Studieuse et organisée

En revanche, la fillette qui se tient devant nous dégage une maturité et une sérénité exceptionnelles, rares chez les petits, qu’on attribue généralement à ces tempéraments qu’on qualifie de «vieilles âmes». Ce je-ne-sais-quoi de spécial teinte toutes les confidences d’Émilie et de sa mère qui, pour ajouter à leur charme, incarnent la simplicité même et ne pourraient avoir les pieds ancrés plus solidement au sol.

Émilie Bière

Disciplinée comme pas une, Émilie s’applique à faire ses devoirs et à apprendre ses textes dès qu’elle les reçoit, pour éviter que les tâches ne s’accumulent. «Quand je ne suis pas organisée, je deviens tout de suite stressée, admet-elle. Je prépare mes choses, je sais quand je vais faire quoi. Et, si je n’ai pas le temps, je m’assure d’avoir un plan B. Je veux vraiment que tout entre dans mon horaire et que tout fonctionne, parce que c’est important pour moi.»

Elle arrive à concilier engagements professionnels, travaux scolaires et cours de danse (en jazz contemporain), mais c’est à regret qu’elle a dû abandonner ses cours de chant, l’an dernier, faute de temps. «Elle a beaucoup pleuré, mais les journées ont juste 24 heures et elle avait juste 10 ans», plaide sa mère, soucieuse de maintenir un équilibre dans la vie de sa fille.

L’automne prochain, elle entamera sa première secondaire dans un programme enrichi en anglais, elle qui s’initie à la langue de Shakespeare depuis trois ans au moyen de cours particuliers.

«Je n’ai jamais eu de problème à manquer l’école. Je n’ai pas de difficultés, alors ça va bien, je suis capable de me rattraper. Je vais dans les périodes de récupération ou je reste en classe pendant les récréations, ma prof est super correcte avec ça.»

«Parfois, il faut faire des concessions, mais c’est la même chose pour les enfants qui ont des compétitions sportives, des entraînements, et qui courent les arénas les fins de semaine», signale Tatiana Renard.

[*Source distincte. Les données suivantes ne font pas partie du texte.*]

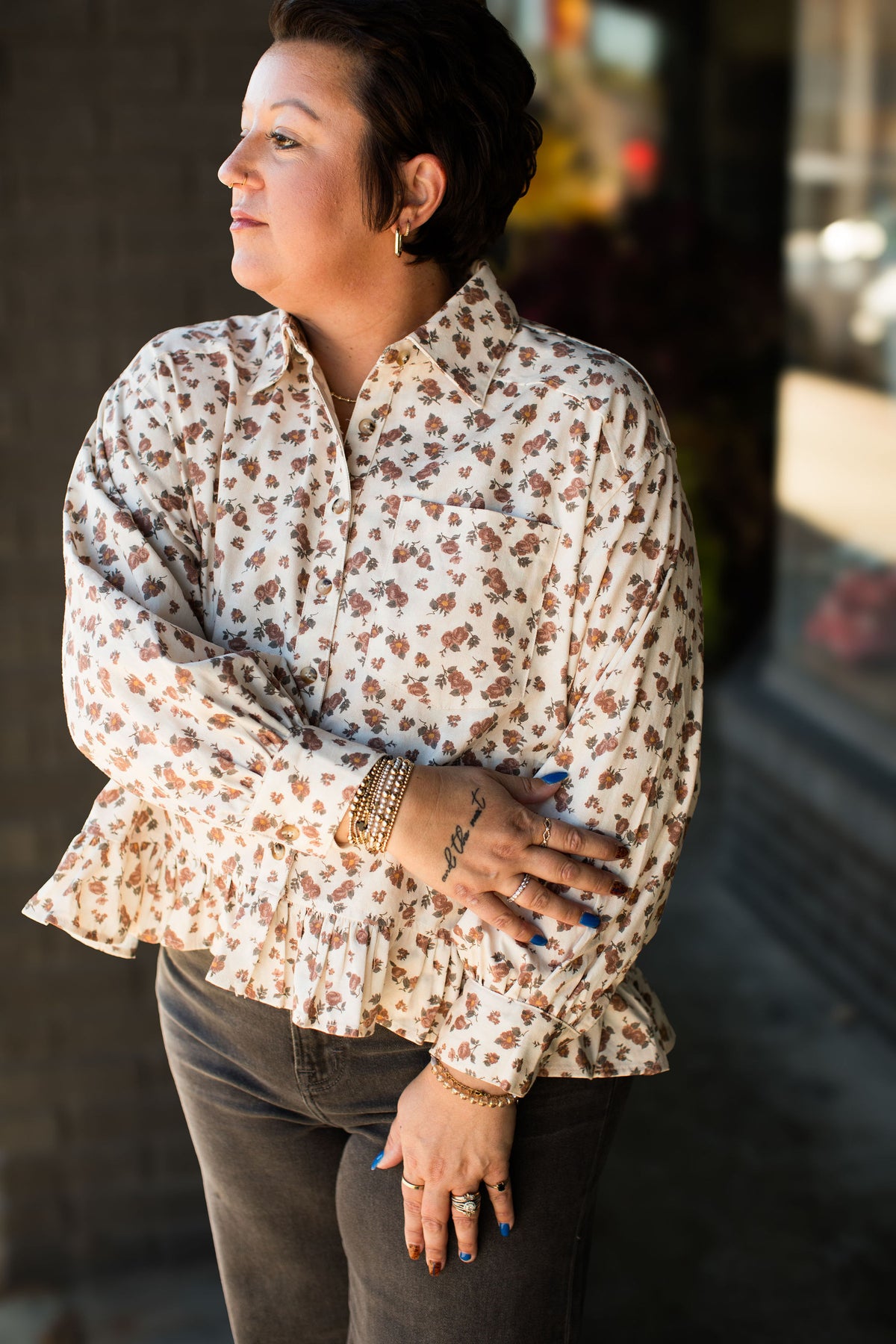 FLYNN PEPLUM TOP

Les débuts d’une belle aventure

Émilie Bierre avait cinq ou six ans lorsqu’elle a décroché ses premiers rôles au cinéma, après avoir figuré dans deux publicités des Fromages d’ici. D’abord dans La voix de l’ombre, puis dans Catimini, de Nathalie Saint-Pierre, une œuvre poignante au propos dur.

Ce n’est d’ailleurs que récemment qu’Émilie a pu voir Catimini en entier, ses parents la jugeant jusqu’ici trop jeune pour être exposée à une thématique aussi délicate.

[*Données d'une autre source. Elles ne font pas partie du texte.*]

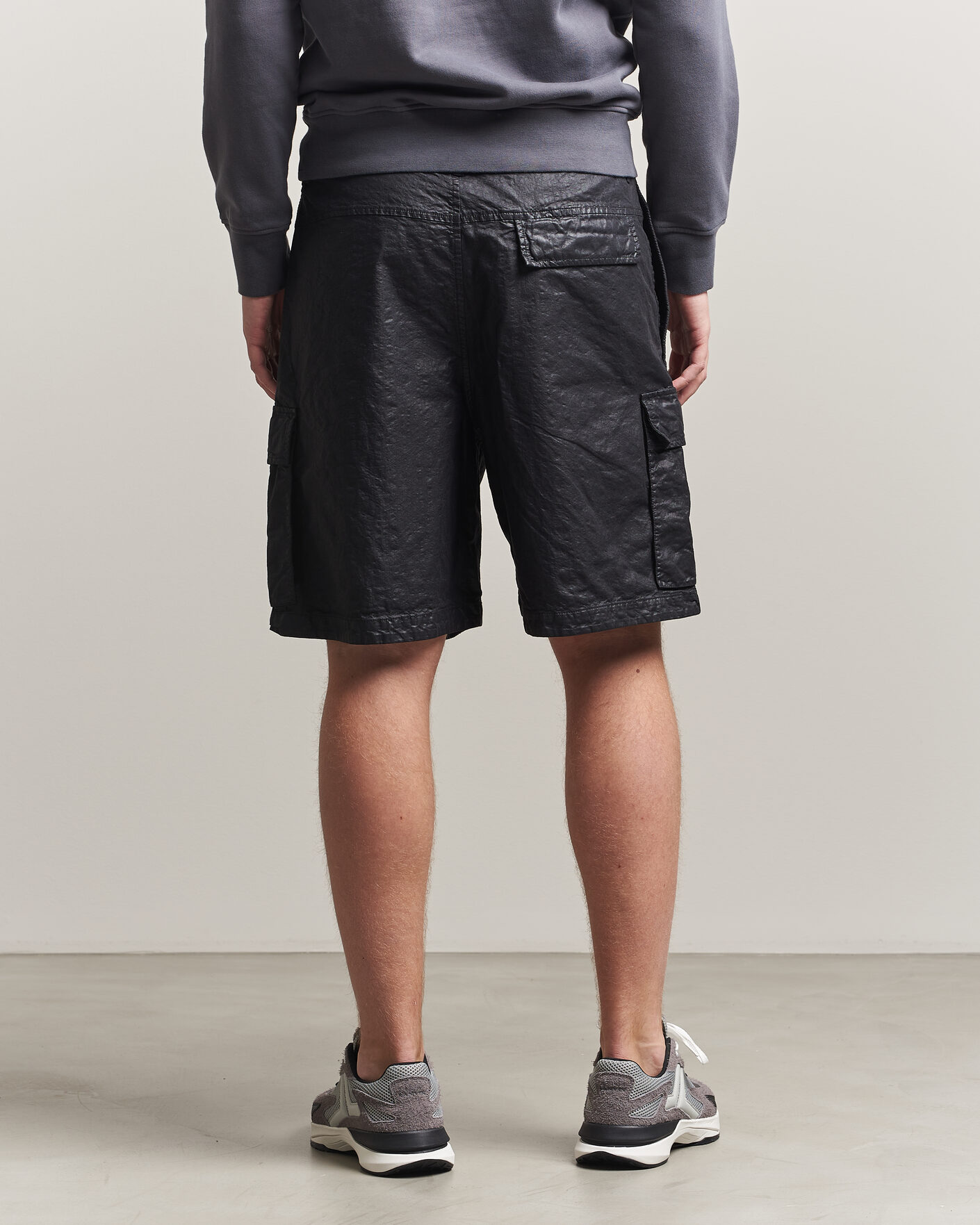 Hombres | Pantalones cortos | Stone Island | Nylon Panama Cargo Shorts Black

Ensuite sont venus Mémoires vives et Les beaux malaises, et un nouveau rôle dans Subito texto. Aujourd'hui, ses yeux bleus brillent lorsqu’on lui demande si elle espère pratiquer ce métier toute sa vie.

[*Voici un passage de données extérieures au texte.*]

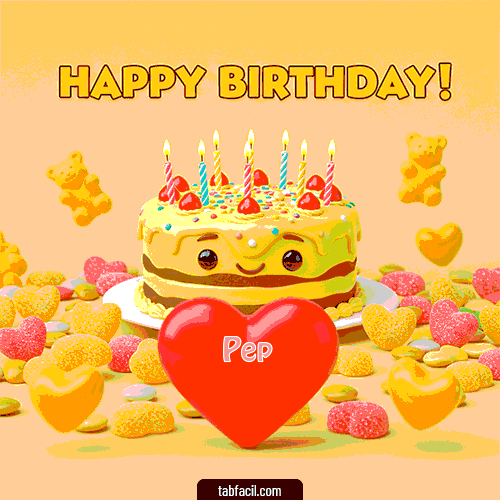 GIF Feliz Cumpleaños Feliz Cumpleaños Amor II personalizado con su nombre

«Je suis tombée en amour avec ce milieu-là, s’enflamme-t-elle. Je ne me suis jamais ennuyée sur un plateau. Ce sont comme de nouvelles familles à chaque fois. J’ai toujours eu de belles expériences…»

Sur l’autoroute du show-business, maman Tatiana, elle, roule avec vigilance, les yeux bien ouverts, et n’hésiterait pas à enfoncer le pied sur le frein si le véhicule dérapait.

«Il y a deux conditions pour qu’elle puisse continuer, soutient Tatiana. L’école doit bien aller, et elle doit garder la tête froide. S’il y en a une des deux qui n’est pas respectée, on va avoir une sacrée discussion. Elle n’a pas le choix. Je ne veux pas d’une enfant prétentieuse. Je veux qu’elle soit gentille et simple.»

«Mais on n’a pas à lui rappeler, continue la maman. Ce sont des valeurs qu’on a depuis toujours. Récemment, on a eu une discussion sur les héros. J’ai expliqué à Émilie que, souvent, on idolâtre les gens parce qu’ils font de la télé, mais les vrais héros, ce sont ceux qui travaillent dans l’ombre, qui sauvent des vies dans les hôpitaux. Moi, le monde artistique ne m’impressionne pas gros. Ce n’est pas un domaine qui m’attirait, en partant. On est contents, on suit Émilie là-dedans, mais ça ne nous impressionne pas.»

En fait, Tatiana Renard avoue sans détour avoir reçu sans trop d’enthousiasme la proposition d’inscrire son aînée dans une agence de casting, il y a une huitaine d’années.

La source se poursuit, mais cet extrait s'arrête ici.